Description of the task » Range to repeat from the listing below: the line containing "Used 2024 GMC" down to the line containing "Canon EF 40mm", both included. Copy it exactly, pictures excluded, and add nothing else.

Provided information »
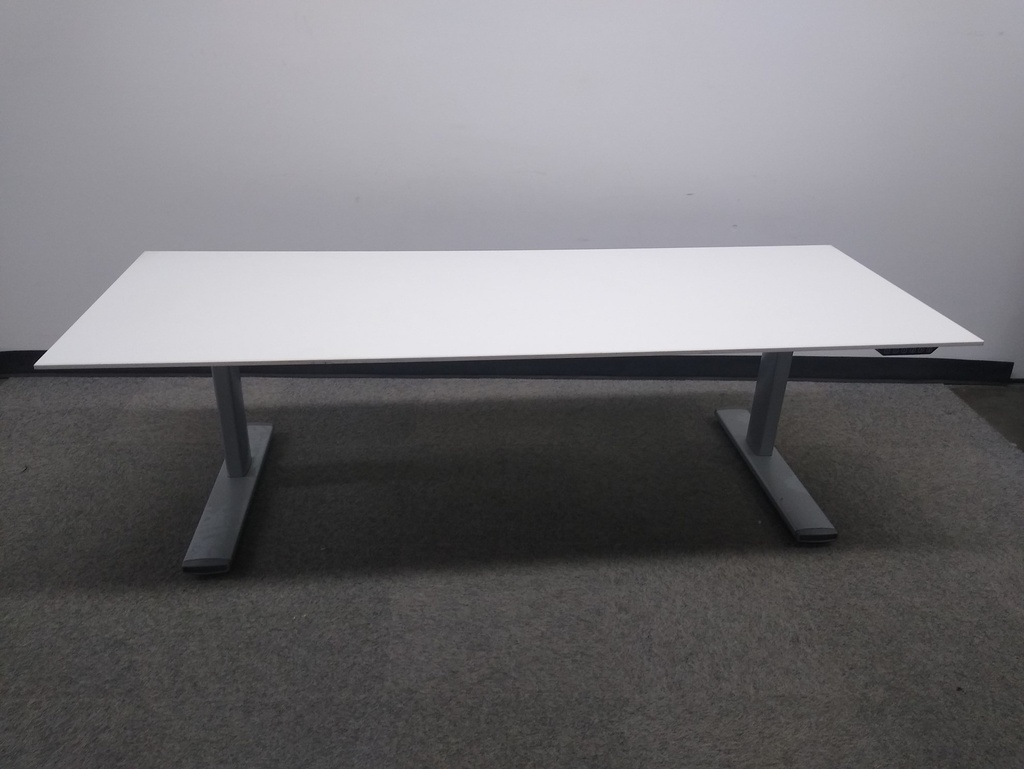 70" Steelcase height-adjustable desk, manual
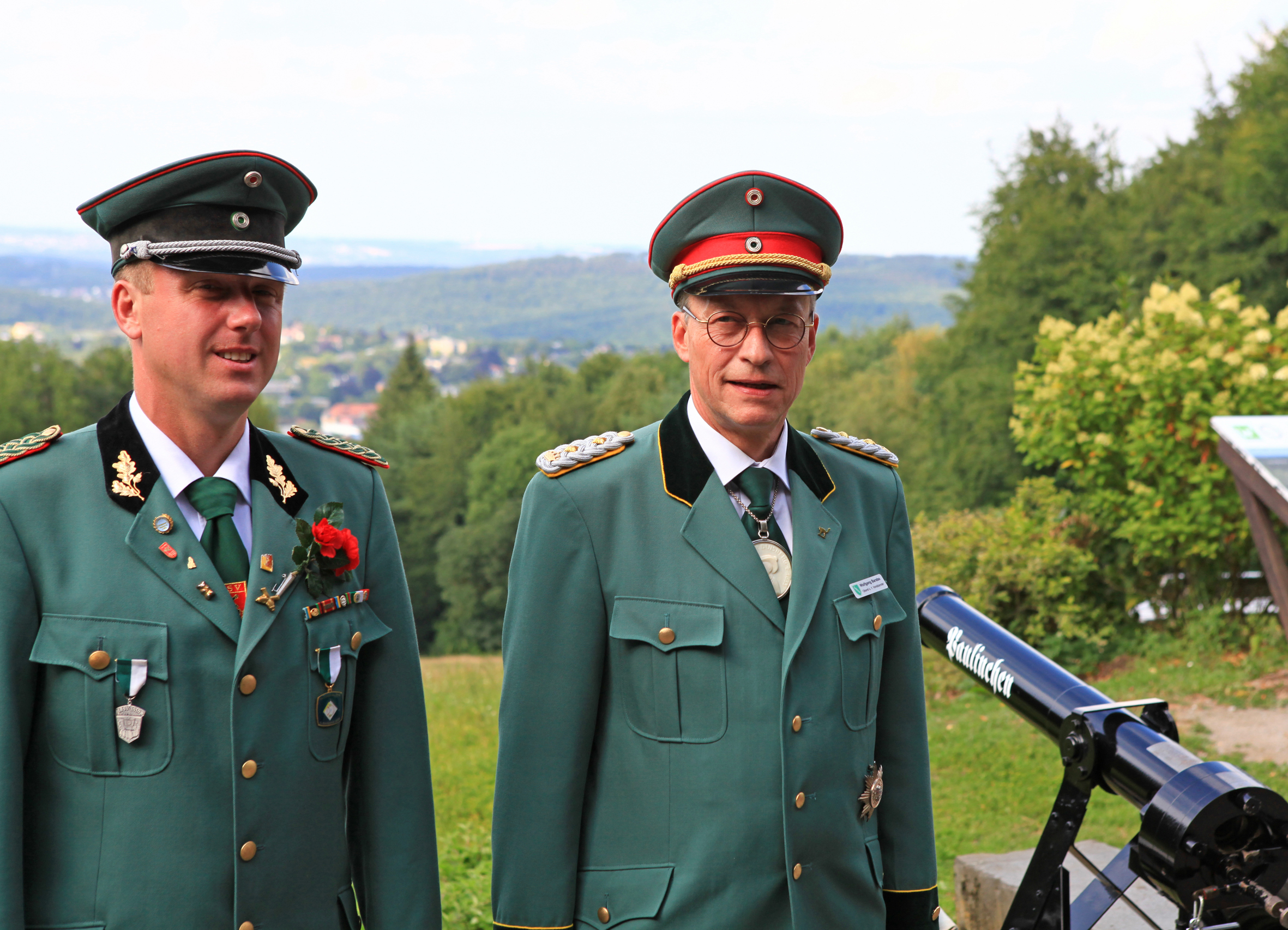 IBSV-Oberst Wolfgang Barabo (re.) kurz nach der Übergabe der Ari-Standarte an den neuen Komp.-Chef Chris Köchig, kurz vor dem Böllerschießen.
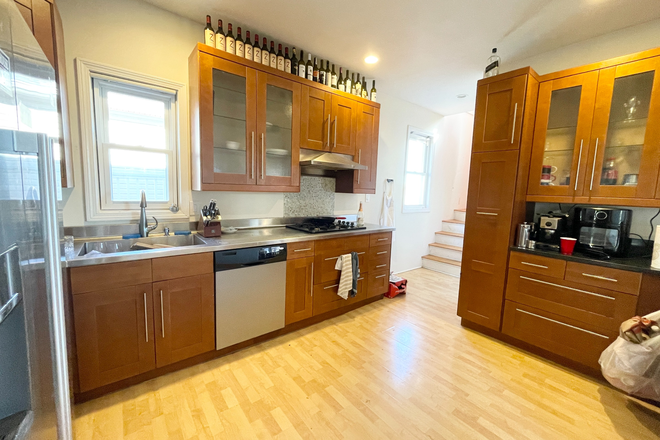 Call NOW for showings! 617-236-8600 - IROQUOIS ST - XL RENOVATED TOP FLR DUPLEX 6BR ON MISSION HILL AAIL *9/1/2026* W/ IN UNIT LNDRY, DECK Apartments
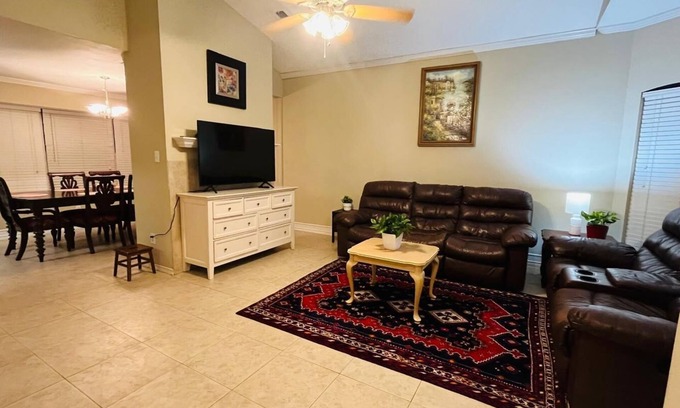 Frisco Casa | Charming 2-bedroom house with WiFi, AC in wonderful Frisco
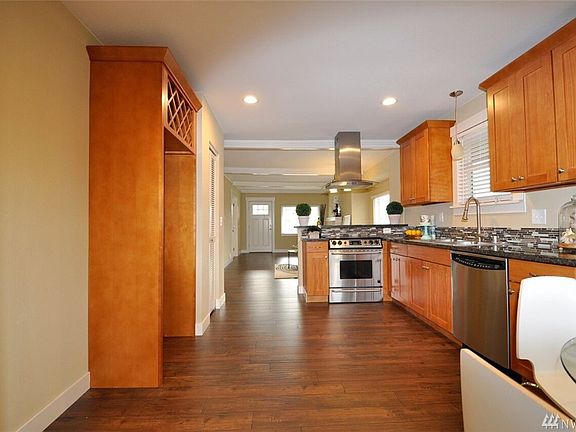 4th image of 729 S 51st St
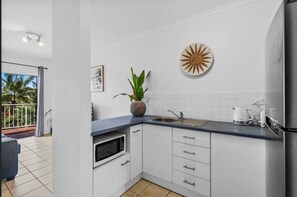 Réfrigérateur, micro-ondes, bouilloire électrique, grille-pain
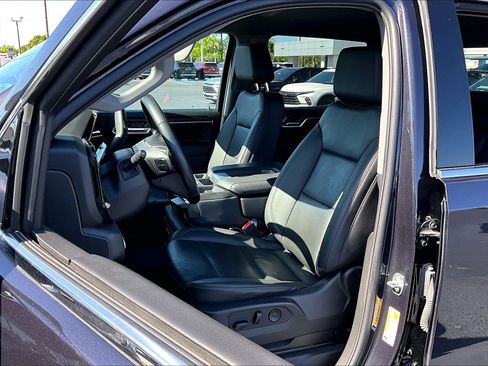 Used 2024 GMC Sierra 1500 SLT AWD/4WD image 18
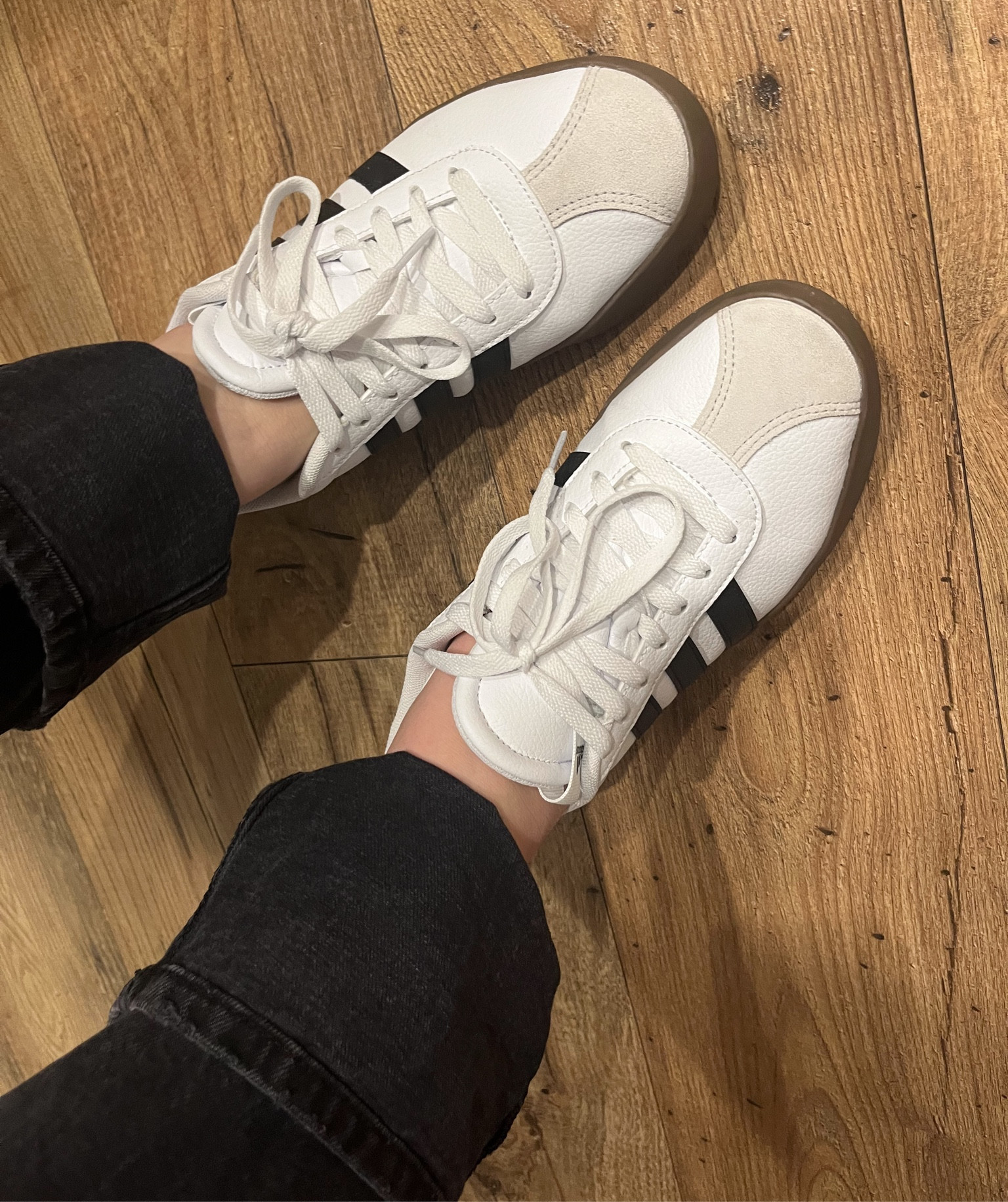 Same look for less - Adidas women’s shoes 

Nordstrom finds, women’s shoes, spring shoes, trendy footwear, summer sneaker, spring sneakers, adidas shoes, white shoes, white sneakers, black denim, straight leg denim, women’s jeans

#LTKmidsize #LTKSpringSale #LTKshoecrush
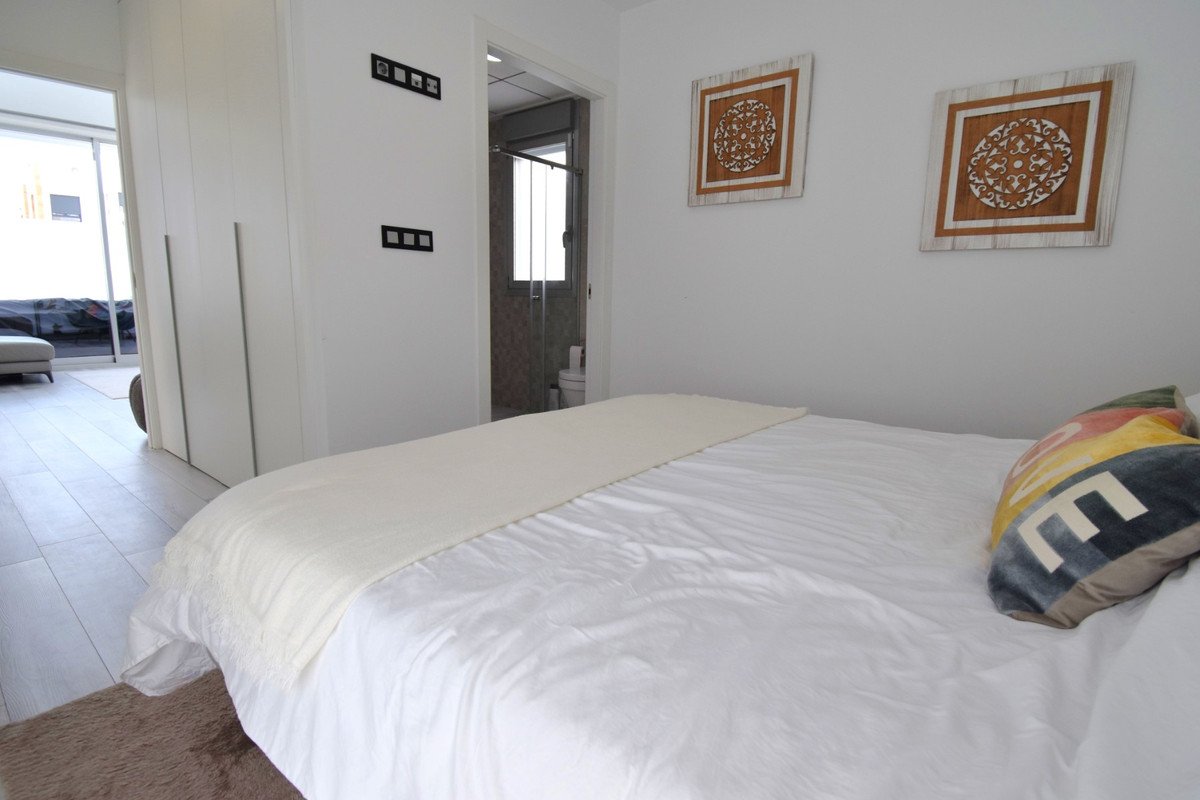 4 Bed Detached Villa in Lomas de Cabo Roig
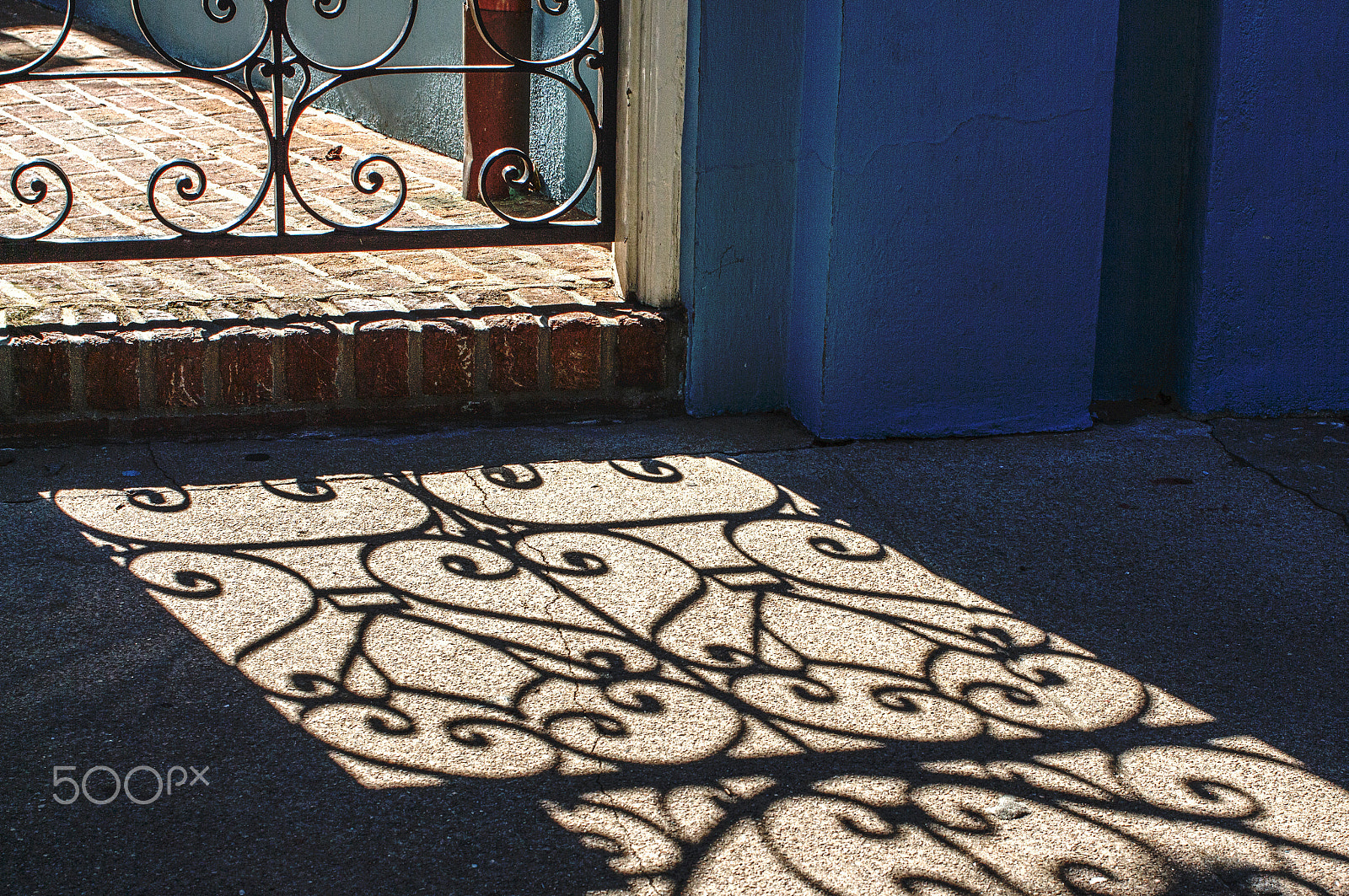 Canon EF 40mm F2.8 STM sample photo. Iron gates photography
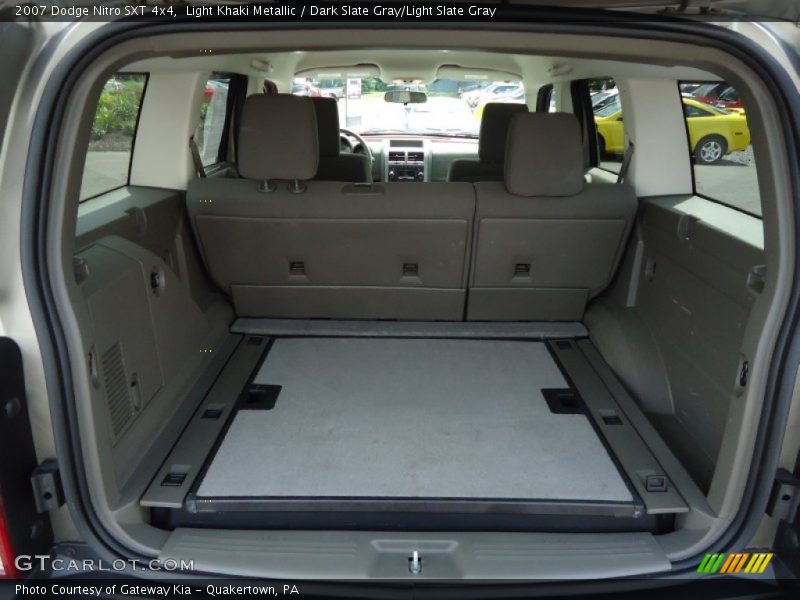 Light Khaki Metallic / Dark Slate Gray/Light Slate Gray 2007 Dodge Nitro SXT 4x4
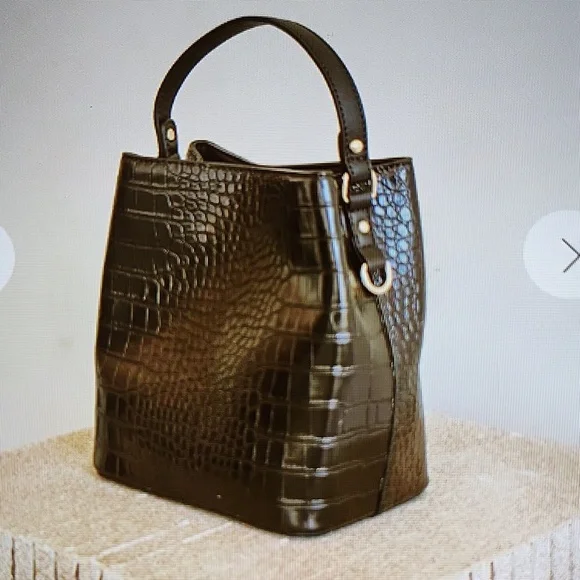 NWT Elena AOTA Black Bag W/ Small Wristlet Wallet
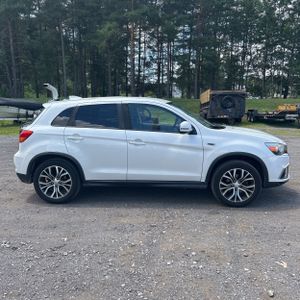 صورة 10 لـ 2019 Mitsubishi OUTLANDER SPORT 2.0 SE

Response below »
 Used 2024 GMC Sierra 1500 SLT AWD/4WD image 18
 Same look for less - Adidas women’s shoes 

Nordstrom finds, women’s shoes, spring shoes, trendy footwear, summer sneaker, spring sneakers, adidas shoes, white shoes, white sneakers, black denim, straight leg denim, women’s jeans

#LTKmidsize #LTKSpringSale #LTKshoecrush
 4 Bed Detached Villa in Lomas de Cabo Roig
 Canon EF 40mm F2.8 STM sample photo. Iron gates photography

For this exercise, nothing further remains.